There are some likelihoods in the fashion industry that will characterize the famous Brexit that has raised unsettling dust in the air ever since it was first conceived in 2016. Some of these likelihoods are:
Hard Brexit: Where all existing commercial bridges will be burnt, it means designers, manufacturers, and retailers would have to pay mind-boggling sums to ply their trade within the European Union. The consumers on the end of the supply chain will receive the biggest blow because tariffs will be added on clothing and footwear which is estimated to inflate up to about 11 percent, no doubt the price of one denim will threaten to go along with one arm and a leg.
Look at the next possibility
Soft Brexit: This softer possibility would give way to a free-trade relationship between EU countries. However, there’s a thick uncertainty lingering on the air about the nature of terms that would characterize this seemingly lighter fallout of Brexit. Most EU member states would demand certain latitude on their citizens in terms of business operations in the UK and more flexible taxation on their exports or even ruling out the taxations entirely. Amid that uncertainty, one thing is certain, prices of clothing are expected to flare up since the UK rely on other EU nations for raw materials to make their clothing and also depends on same EU nations to provide a safe harbor for their ships to export materials.
And the third possibility
The UK Still in the Customs Union: This would have cushioned the effect but Theresa May has already opted out of this route, so it virtually leaves the fashion industry of the UK on a steep cliff waiting for the D-day to just fall off unless there is some sort of salvation which we’d be looking forward to. A £28 billion sector is at the brink of a fatal tragedy and at the mercy of PM Theresa May, not to forget that the UK imports close to £10 billion worth of clothing and footwear from the European Union annually and the tons of staff from the EU member states working across various facets of fashion industry in Britain. Are you looking at an exodus? Let’s be realists for today, there’s going to be an exodus of EU staff.

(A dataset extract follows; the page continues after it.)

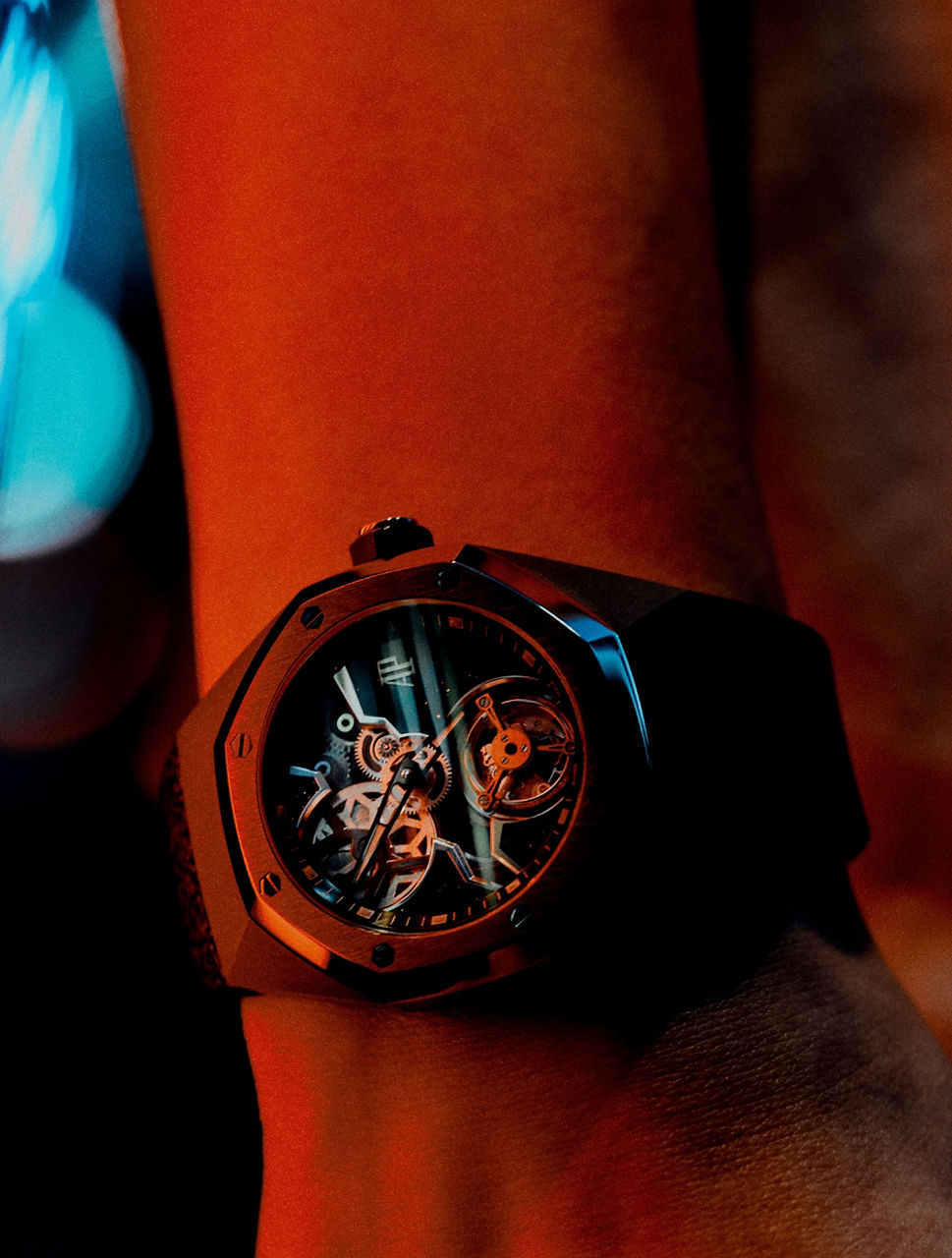 Imagen lifestyle de un reloj Royal Oak Concept.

So the influence this much anticipated Brexit will have on the fashion industry for both the EU and the UK will be quite terrific in the negative direction. Lots of fashion designers are already clamoring for the cancellation and demanding for a second referendum.

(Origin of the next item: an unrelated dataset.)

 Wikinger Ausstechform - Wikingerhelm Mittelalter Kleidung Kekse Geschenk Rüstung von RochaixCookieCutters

A Big Blow for Fashion Diversity
Chairman of the British Fashion Council Stephanie Phair has shared her concerns on the need for British breed talents to enjoy uninhibited access to international talents. The fusion of talents from across borders is one with very bright prospects for the fashion industry and Phair knows what’s at stake here. As the effect on the diversity of fashion talents is even more pronounced now than ever, the question lingers? Will the British survive the independence from international fashion moguls, remember Italy and France are in the picture.
Made in Britain Products, A Good Flip Side?

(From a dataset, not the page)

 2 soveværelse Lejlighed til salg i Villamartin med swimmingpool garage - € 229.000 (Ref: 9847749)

Brexit might, after all, come with a little positive side to it – the promotion of “made in Britain” products. After the exit, rigid terms of conditions on imports and exports might force the UK to start making all her fashion products herself and promoting local content. But, there is a problem. The staff; which are majorly from the EU nations, how do they intend handling them. Some are beginning to quit their jobs to show their aversion to the entire Brexit idea. Remember, the British even outsource manufacturing to industrial giants like India and China where it is cheaper so they rely heavily on foreign partnerships. Stricter immigration policies will be a thorn in the flesh of Brexit and they would have to start training their citizens in a fire brigade approach on manufacturing and the need for diversified investments.
Protection of Intellectual properties
How will fashion creations fare with Brexit? Most of these creations were done under the EU and assigned trademarks from the EU, will they now be reassigned to UK trademarks? This means that owners of UK registered trademarks will have to register and obtain another for the EU and the UK so they can successfully play their continental trade.
The Brexit saga is anti-fashion and in the uncertainty of the fallout, many are left at crossroads. Should they plan for alternatives or hope that it would not come to pass. The influence on the fashion industry will take years to recuperate and might forever change the fashion landscape of the European Continent. So in one simple answer to the question “how will Brexit influence the fashion industry? it’s a big “Negatively”.